▸ **Try it**
Lines in which "kind" appears should be pulled from the data below.

Data entries
::::::
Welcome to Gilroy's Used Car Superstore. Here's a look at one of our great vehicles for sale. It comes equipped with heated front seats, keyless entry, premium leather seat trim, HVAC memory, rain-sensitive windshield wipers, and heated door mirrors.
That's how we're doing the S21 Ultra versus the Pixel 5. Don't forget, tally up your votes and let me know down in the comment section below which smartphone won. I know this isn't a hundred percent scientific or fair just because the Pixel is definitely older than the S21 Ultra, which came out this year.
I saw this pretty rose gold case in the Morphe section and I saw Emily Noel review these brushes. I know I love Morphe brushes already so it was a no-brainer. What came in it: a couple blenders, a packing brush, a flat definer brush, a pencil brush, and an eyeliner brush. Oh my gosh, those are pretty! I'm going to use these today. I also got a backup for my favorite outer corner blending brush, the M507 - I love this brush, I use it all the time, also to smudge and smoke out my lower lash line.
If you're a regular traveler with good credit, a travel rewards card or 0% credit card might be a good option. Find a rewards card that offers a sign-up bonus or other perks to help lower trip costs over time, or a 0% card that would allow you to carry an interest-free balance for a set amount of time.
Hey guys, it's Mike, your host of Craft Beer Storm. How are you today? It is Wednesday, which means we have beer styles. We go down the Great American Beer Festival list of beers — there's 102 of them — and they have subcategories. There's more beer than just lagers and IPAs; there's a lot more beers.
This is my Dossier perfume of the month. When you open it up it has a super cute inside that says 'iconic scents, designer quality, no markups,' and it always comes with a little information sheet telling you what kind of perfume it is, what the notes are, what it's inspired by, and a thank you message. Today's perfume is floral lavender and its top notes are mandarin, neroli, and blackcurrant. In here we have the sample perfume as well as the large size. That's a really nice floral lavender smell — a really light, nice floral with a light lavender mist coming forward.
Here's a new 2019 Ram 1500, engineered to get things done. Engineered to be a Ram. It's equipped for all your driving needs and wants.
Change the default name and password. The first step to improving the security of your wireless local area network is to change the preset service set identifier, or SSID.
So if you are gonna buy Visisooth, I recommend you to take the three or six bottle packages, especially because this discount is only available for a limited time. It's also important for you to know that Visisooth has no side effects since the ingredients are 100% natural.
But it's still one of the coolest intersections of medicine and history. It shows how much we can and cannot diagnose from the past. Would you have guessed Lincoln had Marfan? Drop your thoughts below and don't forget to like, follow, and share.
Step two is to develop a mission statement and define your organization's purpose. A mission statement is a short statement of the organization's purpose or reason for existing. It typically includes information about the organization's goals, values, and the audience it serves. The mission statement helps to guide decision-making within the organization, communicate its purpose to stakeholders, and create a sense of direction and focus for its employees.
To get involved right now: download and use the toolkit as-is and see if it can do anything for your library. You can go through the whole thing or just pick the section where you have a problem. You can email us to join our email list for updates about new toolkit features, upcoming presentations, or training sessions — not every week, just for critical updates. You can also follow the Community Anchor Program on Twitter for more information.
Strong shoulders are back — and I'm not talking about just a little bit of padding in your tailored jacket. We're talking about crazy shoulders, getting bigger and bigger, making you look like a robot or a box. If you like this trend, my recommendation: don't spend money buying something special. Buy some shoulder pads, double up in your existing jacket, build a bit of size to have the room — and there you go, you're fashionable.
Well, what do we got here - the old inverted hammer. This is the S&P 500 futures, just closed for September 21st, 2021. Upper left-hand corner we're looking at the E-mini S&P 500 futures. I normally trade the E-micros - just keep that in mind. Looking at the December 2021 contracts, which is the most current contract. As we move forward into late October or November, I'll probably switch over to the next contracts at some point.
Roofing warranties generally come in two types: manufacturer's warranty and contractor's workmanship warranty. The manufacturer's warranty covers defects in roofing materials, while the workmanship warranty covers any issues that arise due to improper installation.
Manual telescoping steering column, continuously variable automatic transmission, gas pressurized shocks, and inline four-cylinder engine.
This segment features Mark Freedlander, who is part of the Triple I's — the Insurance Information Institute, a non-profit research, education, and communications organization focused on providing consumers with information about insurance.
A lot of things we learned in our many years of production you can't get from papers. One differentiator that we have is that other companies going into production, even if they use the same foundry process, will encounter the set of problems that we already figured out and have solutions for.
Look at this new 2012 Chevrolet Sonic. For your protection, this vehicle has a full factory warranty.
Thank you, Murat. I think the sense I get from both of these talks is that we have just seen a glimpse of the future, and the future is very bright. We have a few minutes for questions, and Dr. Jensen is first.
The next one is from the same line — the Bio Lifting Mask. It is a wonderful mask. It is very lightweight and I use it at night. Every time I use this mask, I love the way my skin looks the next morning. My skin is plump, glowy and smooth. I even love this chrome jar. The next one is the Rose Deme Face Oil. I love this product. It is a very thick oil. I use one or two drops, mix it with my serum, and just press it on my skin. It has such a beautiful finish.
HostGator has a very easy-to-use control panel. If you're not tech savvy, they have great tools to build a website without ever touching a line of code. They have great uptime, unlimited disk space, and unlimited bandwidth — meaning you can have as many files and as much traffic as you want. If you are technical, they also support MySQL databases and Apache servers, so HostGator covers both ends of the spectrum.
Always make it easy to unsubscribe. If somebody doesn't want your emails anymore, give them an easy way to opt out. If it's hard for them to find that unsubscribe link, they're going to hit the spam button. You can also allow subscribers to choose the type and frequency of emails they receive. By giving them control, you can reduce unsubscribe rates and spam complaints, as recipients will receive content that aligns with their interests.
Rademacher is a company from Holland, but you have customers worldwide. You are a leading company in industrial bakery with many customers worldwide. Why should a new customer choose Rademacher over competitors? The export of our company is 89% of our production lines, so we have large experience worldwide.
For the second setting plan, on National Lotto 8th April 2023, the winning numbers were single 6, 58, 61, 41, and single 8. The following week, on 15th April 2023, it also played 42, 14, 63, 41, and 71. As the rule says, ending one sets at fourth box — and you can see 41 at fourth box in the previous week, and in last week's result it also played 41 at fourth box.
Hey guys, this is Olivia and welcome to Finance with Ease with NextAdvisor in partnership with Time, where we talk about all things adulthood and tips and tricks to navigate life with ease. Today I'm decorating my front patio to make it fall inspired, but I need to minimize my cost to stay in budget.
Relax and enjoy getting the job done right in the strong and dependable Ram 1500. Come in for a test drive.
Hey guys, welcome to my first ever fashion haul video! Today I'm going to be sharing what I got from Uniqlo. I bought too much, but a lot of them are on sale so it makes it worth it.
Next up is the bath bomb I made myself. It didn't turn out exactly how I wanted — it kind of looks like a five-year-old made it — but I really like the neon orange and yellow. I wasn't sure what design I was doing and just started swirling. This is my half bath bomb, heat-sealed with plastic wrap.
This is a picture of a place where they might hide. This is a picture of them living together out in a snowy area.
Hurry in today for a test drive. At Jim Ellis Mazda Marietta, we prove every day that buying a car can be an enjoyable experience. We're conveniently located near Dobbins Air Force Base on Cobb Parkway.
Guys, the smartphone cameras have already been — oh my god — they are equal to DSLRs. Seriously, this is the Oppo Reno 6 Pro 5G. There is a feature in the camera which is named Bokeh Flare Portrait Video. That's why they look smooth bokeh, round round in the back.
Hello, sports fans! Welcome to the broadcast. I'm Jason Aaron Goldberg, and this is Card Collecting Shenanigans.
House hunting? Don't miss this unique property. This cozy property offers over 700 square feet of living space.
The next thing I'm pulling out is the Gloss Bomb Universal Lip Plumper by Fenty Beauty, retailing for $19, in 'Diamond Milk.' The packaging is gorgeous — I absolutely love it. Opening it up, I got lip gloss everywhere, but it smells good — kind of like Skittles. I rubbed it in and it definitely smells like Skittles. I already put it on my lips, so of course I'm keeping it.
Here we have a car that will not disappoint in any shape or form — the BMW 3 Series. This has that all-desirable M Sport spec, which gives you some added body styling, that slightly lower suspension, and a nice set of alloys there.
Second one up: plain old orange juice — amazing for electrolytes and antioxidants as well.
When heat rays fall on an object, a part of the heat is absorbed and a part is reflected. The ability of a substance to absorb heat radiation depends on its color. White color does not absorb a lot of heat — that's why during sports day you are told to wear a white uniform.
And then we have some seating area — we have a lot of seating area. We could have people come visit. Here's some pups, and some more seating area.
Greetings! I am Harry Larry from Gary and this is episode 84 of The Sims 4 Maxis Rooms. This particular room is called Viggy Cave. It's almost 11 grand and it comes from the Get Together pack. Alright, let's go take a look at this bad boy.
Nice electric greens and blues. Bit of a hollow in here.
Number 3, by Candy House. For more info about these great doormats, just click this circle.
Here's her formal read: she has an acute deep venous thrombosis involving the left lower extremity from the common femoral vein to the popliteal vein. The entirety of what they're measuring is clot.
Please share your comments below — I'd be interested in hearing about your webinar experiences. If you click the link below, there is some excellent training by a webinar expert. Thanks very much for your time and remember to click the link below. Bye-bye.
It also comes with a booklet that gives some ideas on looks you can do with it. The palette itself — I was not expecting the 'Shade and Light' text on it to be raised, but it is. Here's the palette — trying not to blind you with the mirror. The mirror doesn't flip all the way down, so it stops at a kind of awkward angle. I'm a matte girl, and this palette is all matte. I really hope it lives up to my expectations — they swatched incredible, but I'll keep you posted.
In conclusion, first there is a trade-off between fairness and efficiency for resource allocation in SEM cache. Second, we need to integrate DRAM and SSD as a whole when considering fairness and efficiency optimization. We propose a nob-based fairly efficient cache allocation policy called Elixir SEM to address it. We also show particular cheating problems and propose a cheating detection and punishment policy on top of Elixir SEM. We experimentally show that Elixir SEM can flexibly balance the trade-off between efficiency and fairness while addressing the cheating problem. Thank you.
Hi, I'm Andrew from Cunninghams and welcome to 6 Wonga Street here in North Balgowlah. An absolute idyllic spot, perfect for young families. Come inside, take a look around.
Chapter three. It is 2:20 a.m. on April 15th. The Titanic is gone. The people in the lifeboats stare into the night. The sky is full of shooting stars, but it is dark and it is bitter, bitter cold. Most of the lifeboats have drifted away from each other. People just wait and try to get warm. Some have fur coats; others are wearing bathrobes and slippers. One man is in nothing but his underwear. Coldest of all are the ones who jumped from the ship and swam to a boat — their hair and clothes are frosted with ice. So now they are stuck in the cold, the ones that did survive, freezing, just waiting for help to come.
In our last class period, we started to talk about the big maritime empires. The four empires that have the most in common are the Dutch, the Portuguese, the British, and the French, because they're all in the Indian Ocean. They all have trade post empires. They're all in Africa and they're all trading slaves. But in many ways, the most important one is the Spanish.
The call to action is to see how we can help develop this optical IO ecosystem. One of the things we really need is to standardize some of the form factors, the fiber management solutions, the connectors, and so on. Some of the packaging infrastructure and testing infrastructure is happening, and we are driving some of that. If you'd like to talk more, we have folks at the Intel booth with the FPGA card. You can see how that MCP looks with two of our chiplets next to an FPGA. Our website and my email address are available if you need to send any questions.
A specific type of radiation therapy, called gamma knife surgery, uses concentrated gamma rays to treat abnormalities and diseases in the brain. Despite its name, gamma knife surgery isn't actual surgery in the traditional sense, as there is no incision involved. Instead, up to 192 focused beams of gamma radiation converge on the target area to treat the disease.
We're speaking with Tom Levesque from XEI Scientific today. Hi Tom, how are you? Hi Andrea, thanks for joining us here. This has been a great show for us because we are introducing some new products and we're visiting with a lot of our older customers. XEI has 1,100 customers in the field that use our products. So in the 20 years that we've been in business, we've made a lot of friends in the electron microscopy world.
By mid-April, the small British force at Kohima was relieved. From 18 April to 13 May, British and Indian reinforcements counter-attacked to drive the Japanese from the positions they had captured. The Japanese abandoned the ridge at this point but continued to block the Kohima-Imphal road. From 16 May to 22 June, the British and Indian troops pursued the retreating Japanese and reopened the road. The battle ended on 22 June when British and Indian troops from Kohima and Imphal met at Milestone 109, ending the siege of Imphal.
::::::
▸ **Solution for this problem**
This is my Dossier perfume of the month. When you open it up it has a super cute inside that says 'iconic scents, designer quality, no markups,' and it always comes with a little information sheet telling you what kind of perfume it is, what the notes are, what it's inspired by, and a thank you message. Today's perfume is floral lavender and its top notes are mandarin, neroli, and blackcurrant. In here we have the sample perfume as well as the large size. That's a really nice floral lavender smell — a really light, nice floral with a light lavender mist coming forward.
Next up is the bath bomb I made myself. It didn't turn out exactly how I wanted — it kind of looks like a five-year-old made it — but I really like the neon orange and yellow. I wasn't sure what design I was doing and just started swirling. This is my half bath bomb, heat-sealed with plastic wrap.
The next thing I'm pulling out is the Gloss Bomb Universal Lip Plumper by Fenty Beauty, retailing for $19, in 'Diamond Milk.' The packaging is gorgeous — I absolutely love it. Opening it up, I got lip gloss everywhere, but it smells good — kind of like Skittles. I rubbed it in and it definitely smells like Skittles. I already put it on my lips, so of course I'm keeping it.
It also comes with a booklet that gives some ideas on looks you can do with it. The palette itself — I was not expecting the 'Shade and Light' text on it to be raised, but it is. Here's the palette — trying not to blind you with the mirror. The mirror doesn't flip all the way down, so it stops at a kind of awkward angle. I'm a matte girl, and this palette is all matte. I really hope it lives up to my expectations — they swatched incredible, but I'll keep you posted.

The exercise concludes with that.